Group Point stabilizer size Comments
A6 = L2(9) = Sp4(2)' = M10' S4 15 = 1+6+8 Pairs of points, or sets of 3 blocks of 2, in the 6-point permutation representation; two classes
A9 L2(8):3 120 = 1+56+63 Projective line P1(8); two classes
A10 (A5×A5):4 126 = 1+25+100 Sets of 2 blocks of 5 in the natural 10-point permutation representation
L2(8) 7:2 = Dih(7) 36 = 1+14+21 Pairs of points in P1(8)
L3(4) A6 56 = 1+10+45 Hyperovals in P2(4); three classes
L4(3) PSp4(3):2 117 = 1+36+80 Symplectic polarities of P3(3); two classes
G2(2)' = U3(3) PSL3(2) 36 = 1+14+21 Suzuki chain
U3(5) A7 50 = 1+7+42 The action on the vertices of the Hoffman-Singleton graph; three classes
U4(3) L3(4) 162 = 1+56+105 Two classes
Sp6(2) G2(2) = U3(3):2 120 = 1+56+63 The Chevalley group of type G2 acting on the octonion algebra over GF(2)
Ω7(3) G2(3) 1080 = 1+351+728 The Chevalley group of type G2 acting on the imaginary octonions of the octonion algebra over GF(3); two classes
U6(2) U4(3):22 1408 = 1+567+840 The point stabilizer is the image of the linear representation resulting from "bringing down" the complex representation of Mitchell's group (a complex reflection group) modulo 2; three classes
M11 M9:2 = 32:SD16 55 = 1+18+36 Pairs of points in the 11-point permutation representation
M12 M10:2 = A6.22 = PΓL(2,9) 66 = 1+20+45 Pairs of points, or pairs of complementary blocks of S(5,6,12), in the 12-point permutation representation; two classes
M22 24:A6 77 = 1+16+60 Blocks of S(3,6,22)
J2 PSU3(3) 100 = 1+36+63 Suzuki chain; the action on the vertices of the Hall-Janko graph
Higman-Sims group HS M22 100 = 1+22+77 The action on the vertices of the Higman-Sims graph
M22 A7 176 = 1+70+105 Two classes
M23 M21:2 = L3(4):22 = PΣL(3,4) 253 = 1+42+210 Pairs of points in the 23-point permutation representation
M23 24:A7 253 = 1+112+140 Blocks of S(4,7,23)

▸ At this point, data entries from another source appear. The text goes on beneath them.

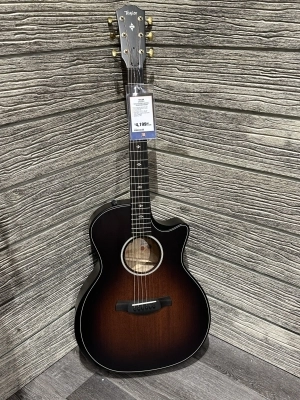 TAYLOR 324CE BUILDER'S EDITION 2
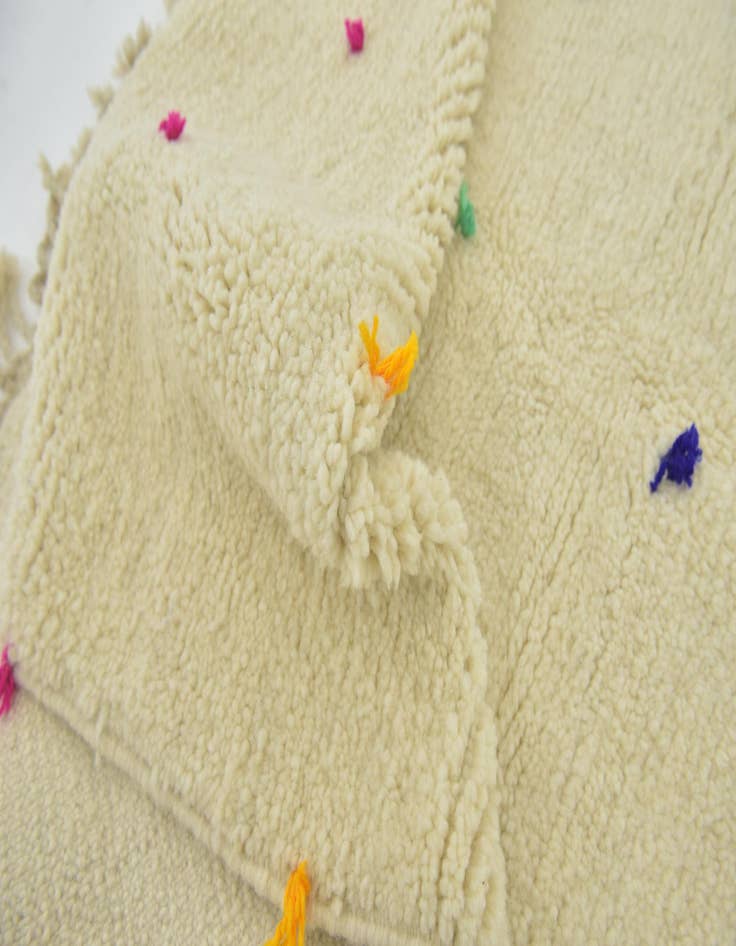 Detail image of  5' 4 x 8' 2  Hand Knotted Moroccan Wool Rug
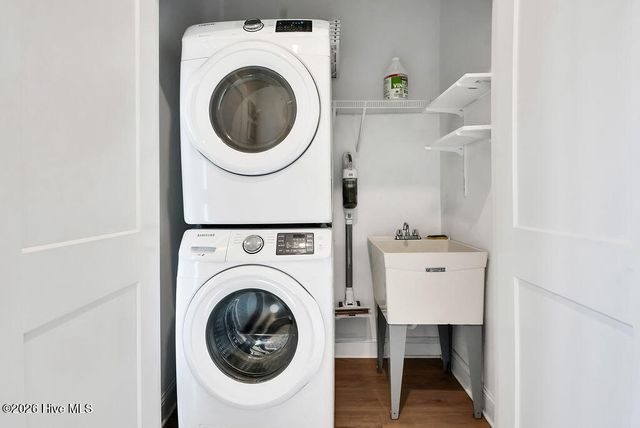 106 SE 40th Street, Oak Island, NC 28465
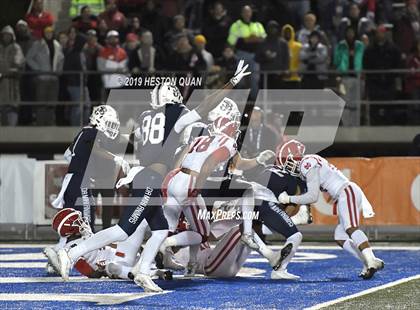 Thumbnail 3 in Mater Dei vs. St. John Bosco (CIF-SS D1 Final) photogallery.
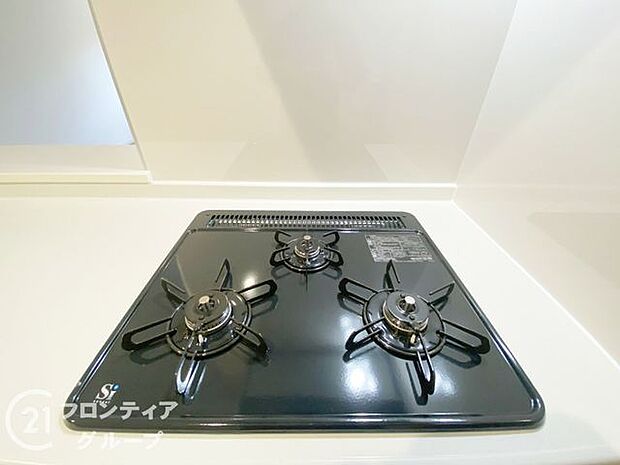 お手入れしやすい3口コンロ！お料理が楽しくなりそうですね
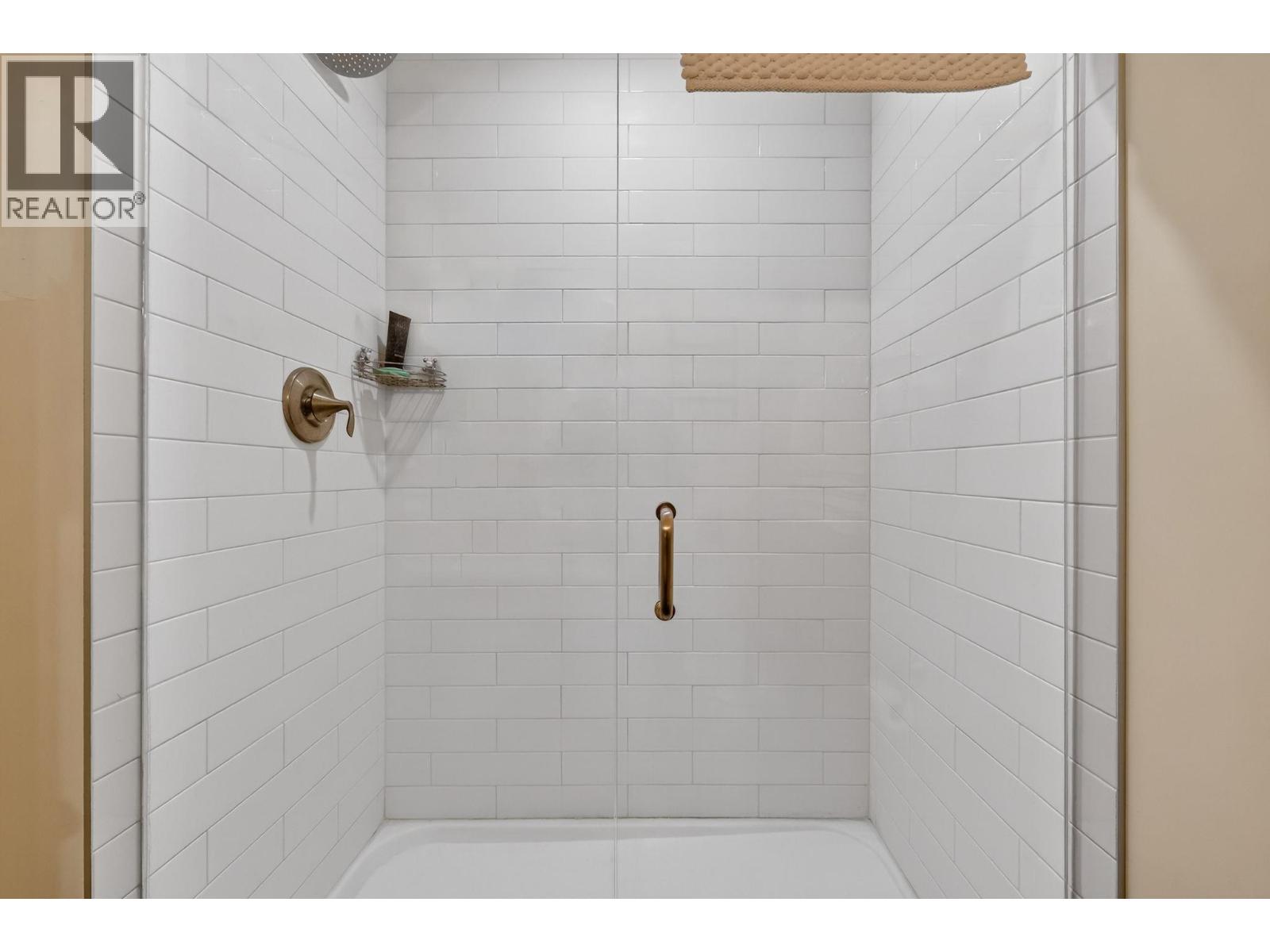 563 Mountain Drive, Vernon, British Columbia  V1H 2B7 - Photo 25 - 10370319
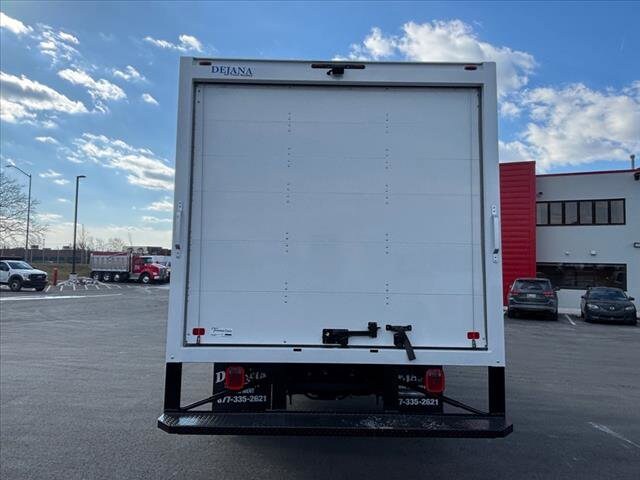 2024 Ford F-550 photo 4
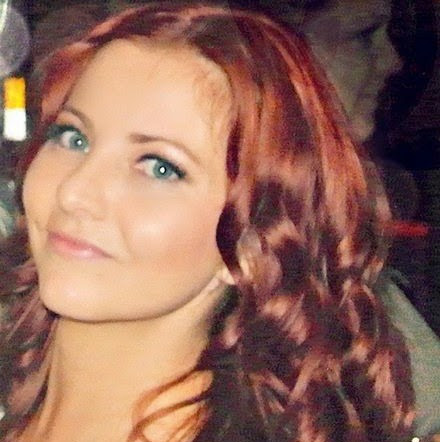 Sara Kennedy Photo 33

McLaughlin group McL U4(3) 275 = 1+112+162 The action on the vertices of the McLaughlin graph
M24 M22:2 276 = 1+44+231 Pairs of points in the 24-point permutation representation
G2(3) U3(3):2 351 = 1+126+244 Two classes
G2(4) J2 416 = 1+100+315 Suzuki chain
M24 M12:2 1288 = 1+495+792 Pairs of complementary dodecads in the 24-point permutation representation
Suzuki group Suz G2(4) 1782 = 1+416+1365 Suzuki chain
G2(4) U3(4):2 2016 = 1+975+1040
Co2 PSU6(2):2 2300 = 1+1891+1408
Rudvalis group Ru ²F₄(2) 4060 = 1+1755+2304
Fi22 2.PSU6(2) 3510 = 1+693+2816 3-transpositions
Fi22 Ω7(3) 14080 = 1+3159+10920 Two classes
Fi23 2.Fi22 31671 = 1+3510+28160 3-transpositions
G2(8).3 SU3(8).6 130816 = 1+32319+98496
Fi23 8+(3).S3 137632 = 1+28431+109200
Fi24' Fi23 306936 = 1+31671+275264 3-transpositions


  1. ^ The three orbits are: the fixed pair itself; those pairs having one element in common with the fixed pair; and those pairs having no element in common with the fixed pair.